→ EXERCISE DETAILS:
Please output the section of the listing below that opens with the line containing "Cultiv8 Kushers Delta-8" and closes with the line containing "Литые диски Dicastal R15 5x112", exactly and with nothing else.

→ DATA UNDER STUDY:
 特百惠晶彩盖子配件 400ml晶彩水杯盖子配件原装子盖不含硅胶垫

==

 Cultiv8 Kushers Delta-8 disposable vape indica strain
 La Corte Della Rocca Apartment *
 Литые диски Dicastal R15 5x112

==

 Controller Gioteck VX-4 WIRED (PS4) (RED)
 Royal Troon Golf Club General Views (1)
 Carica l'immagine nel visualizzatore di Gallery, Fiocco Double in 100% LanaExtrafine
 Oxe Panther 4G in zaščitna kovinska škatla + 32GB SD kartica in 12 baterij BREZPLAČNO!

→ RESULT OF THIS EXERCISE:
 Cultiv8 Kushers Delta-8 disposable vape indica strain
 La Corte Della Rocca Apartment *
 Литые диски Dicastal R15 5x112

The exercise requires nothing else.